Some British want to raise drinking age

USA Today The Spokesman-Review

LONDON – Beer and pubs are as British as, well, the Union Jack.

However, Britons’ fondness for alcohol is causing ever more serious health and safety problems, including a wave of liver disease and violent crime. In response, some doctors and politicians are calling for measures to reverse the trend, such as raising the drinking age to 21 from 18.

Nine out of 10 Britons older than 14 drink alcohol, the government estimates. And they’re drinking more. In 2005, they drank 1.7 billion gallons of alcohol, with average consumption per person doubling since 1960.

Particularly problematic is a rise in binge drinking, defined as having five or more drinks in one sitting.
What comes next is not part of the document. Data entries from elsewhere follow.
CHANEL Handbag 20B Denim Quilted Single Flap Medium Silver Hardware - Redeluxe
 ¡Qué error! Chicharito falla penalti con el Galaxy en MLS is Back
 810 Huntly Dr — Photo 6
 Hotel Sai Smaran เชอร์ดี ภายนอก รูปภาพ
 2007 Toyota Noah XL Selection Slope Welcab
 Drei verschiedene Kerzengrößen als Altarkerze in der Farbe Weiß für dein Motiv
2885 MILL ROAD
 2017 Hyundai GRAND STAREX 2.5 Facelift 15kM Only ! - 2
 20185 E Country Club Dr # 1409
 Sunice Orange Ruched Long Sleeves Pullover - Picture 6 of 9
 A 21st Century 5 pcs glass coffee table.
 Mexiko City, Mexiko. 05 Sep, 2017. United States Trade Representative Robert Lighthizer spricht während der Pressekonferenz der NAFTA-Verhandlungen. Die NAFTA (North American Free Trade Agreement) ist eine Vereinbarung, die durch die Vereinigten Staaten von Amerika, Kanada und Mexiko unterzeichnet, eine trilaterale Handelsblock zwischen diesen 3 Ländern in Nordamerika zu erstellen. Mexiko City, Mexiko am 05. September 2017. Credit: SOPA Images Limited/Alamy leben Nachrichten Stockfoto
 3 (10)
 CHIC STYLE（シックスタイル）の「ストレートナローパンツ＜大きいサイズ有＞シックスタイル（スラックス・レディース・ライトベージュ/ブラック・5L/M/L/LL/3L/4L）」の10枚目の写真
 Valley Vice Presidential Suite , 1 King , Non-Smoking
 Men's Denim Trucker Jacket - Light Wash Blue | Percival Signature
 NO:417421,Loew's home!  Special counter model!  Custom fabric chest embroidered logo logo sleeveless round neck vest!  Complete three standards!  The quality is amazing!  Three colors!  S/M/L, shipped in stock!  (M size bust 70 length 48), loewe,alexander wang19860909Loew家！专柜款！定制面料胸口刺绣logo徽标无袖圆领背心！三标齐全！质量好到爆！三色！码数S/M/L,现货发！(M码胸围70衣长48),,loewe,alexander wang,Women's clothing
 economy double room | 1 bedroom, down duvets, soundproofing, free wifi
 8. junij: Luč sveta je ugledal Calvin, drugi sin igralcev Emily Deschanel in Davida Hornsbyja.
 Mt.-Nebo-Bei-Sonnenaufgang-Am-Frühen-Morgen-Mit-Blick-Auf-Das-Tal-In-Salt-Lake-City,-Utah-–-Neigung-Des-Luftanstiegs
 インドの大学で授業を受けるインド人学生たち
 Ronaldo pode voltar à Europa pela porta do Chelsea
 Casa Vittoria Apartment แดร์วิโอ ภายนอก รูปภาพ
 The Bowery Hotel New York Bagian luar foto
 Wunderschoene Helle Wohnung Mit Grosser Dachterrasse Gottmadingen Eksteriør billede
Britain has a greater percentage of regular binge drinkers, 24 percent, than other European Union nations except the Republic of Ireland and Finland, among 25 countries surveyed by the European Commission earlier this year.

Doctors struggle to explain the phenomenon. “We don’t understand why we have the culture we have,” said Ian Gilmore, president of the Royal College of Physicians and a liver specialist. “There’s history of binge drinking going back to Roman times … and it’s becoming dangerous.”

The problem starts young. About 70 percent of British 15-year-olds who drink say they do so to get drunk, double the rate in the United States, said Ralph Hingson of the U.S. National Institute on Alcohol Abuse and Alcoholism.